Tuesday, 19 July 2011

Movement Orders

Its been one of those massive days at Rock HQ, one where, on reflection over a well earned cuppa, we wonder how did we fit it all in, and do paid work and look after the apprentice smallholder. First light saw all hands pressed to service, including Hazel who was used as a beef barrier. Hetty, seven days in solitary for her own good, was being allowed freedom of the "garden" while we waited for the next delivery of hayledge. Once the white gate was open it was quite an obstacle to love sick bovines and a clear indicator that she should go through the portal and graze, not leg it. Belt and Braces approach today, with no time to waste chasing naughty cows, she was halter led towards breakfast. Now she is no Ferrari, not built for speed, no 0-60mph in 2.9 seconds. However several tons of willful beef can suddenly, if it wants to, take off sharpish, tearing halter rope from hand and race towards the above obstacle. For a moment the day was on a knife edge, fall one side of the blade all is well, no canter across the fields, just shut gate behind hungry cow and move on to next part of day, but as is so often here Hetty chose the wrong route, leaped from the garden wall and skipped merrily towards 500 acres of open ground. Thankfully my stalking skills have improved and despite Rocky alerting mad cow to my presence thus adding half a mile to the adventure Hetty turned tail and fled back the sanctuary of the garden and escaped my wrath.

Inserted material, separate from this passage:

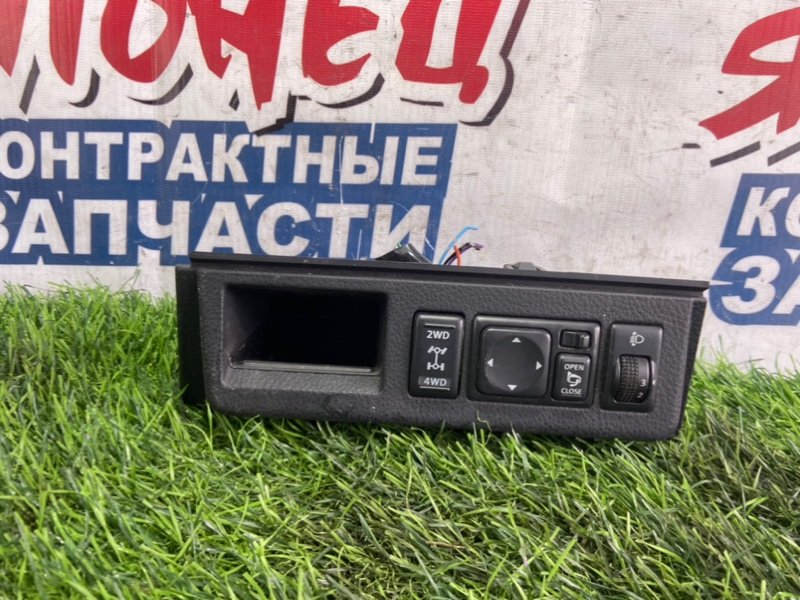Блок управления зеркалами Nissan Tiida NC11 HR15DE (б/у)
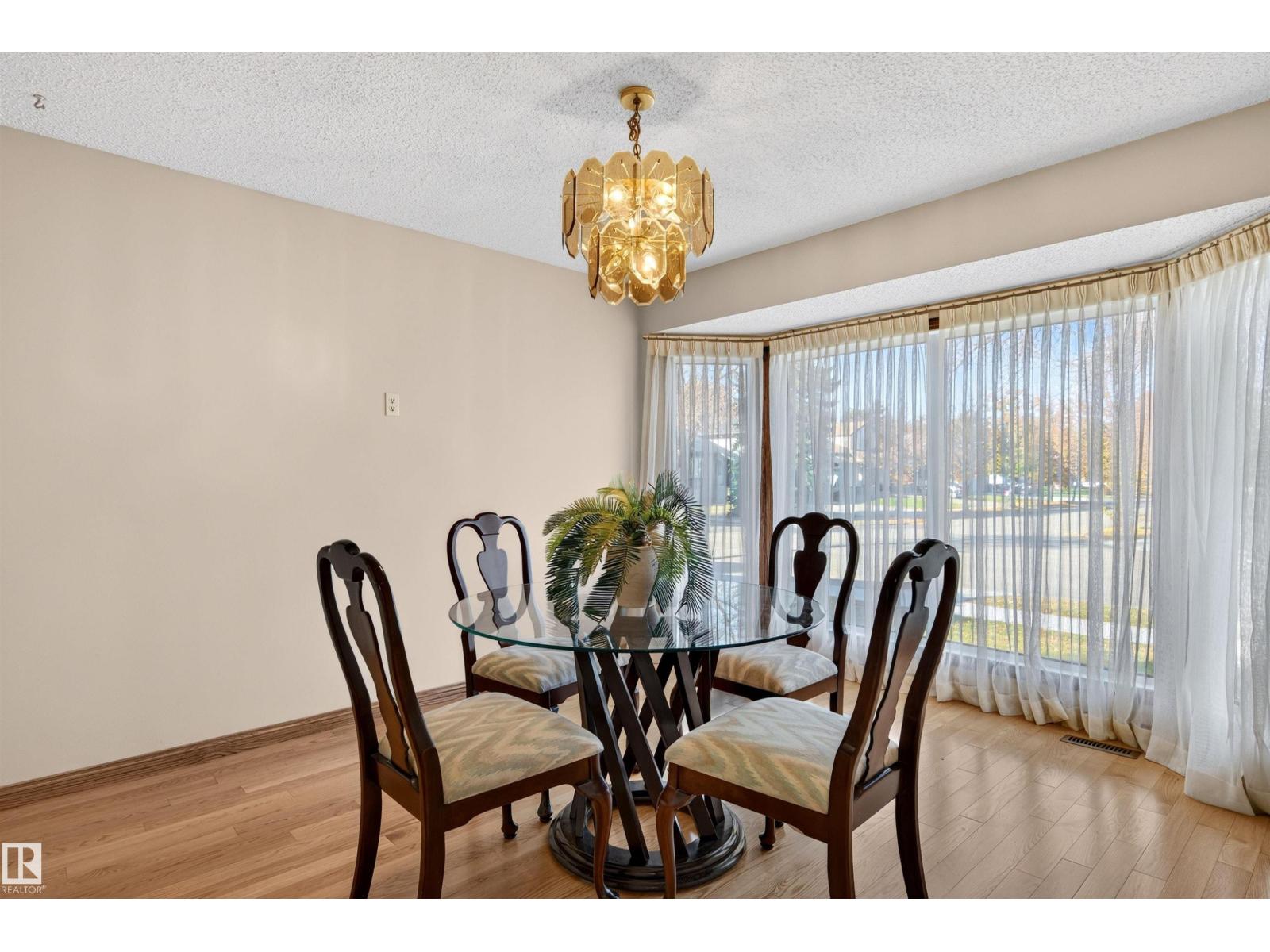 7 Langholm Dr Property Photo 8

Next on the agenda was sorting the pork out. This was ever so easy, in comparison to beef, as Bridget the Mangalitza followed me up the lane, into the recently vacated cow pen and tucked into the super feed. See below, the pics are out of sequence, so with Bridget where she should be I fetched her piglets. Well in the time it took to catch and carry her weapons grade piglets (ear defenders are compulsory wear when handling piglets as they have a sonic attack ability that melts the human brain) Bridget had got bored and jumped the fence and was where she shouldnt be trying to make friends with the horses. Much tooing and froing ensued and eventually the piglets were in the right pen with Bridget and the horses were persuaded to come down from the trees after being traumatised by a sheep/pig.

The real pigs, Berkshires, Morgana and Guinevere were moved from the big pig pen to the smaller one, for the simple reason that they have moved so much rock and debris against the gate of the big pig pen as to render it inoperable. They have had free run of both pens via a massive hole they created in the almost barn's wall. This was hastily repaired with steel mesh and rock, bike wheels, chain mail, bed steads, in fact anything heavy that was near to hand. Reason being was that Iggle and Piggle, our new Oxford Sandy Black weaners were arriving (after we collected them) and it would be easier to lift weaners over the fence, thus ignoring inoperable gate, and so they, by default, got the large pig pen.

As can be seen Iggle is a mighty weaner, so mighty in fact that given the bargain price I wish I had bought four Iggles, but we stayed rational and stuck with the two. In a very short time they will be sausages. And bacon.

Meantime they have luxury accommodation and some very strange looking tri colour pigs to make friends with.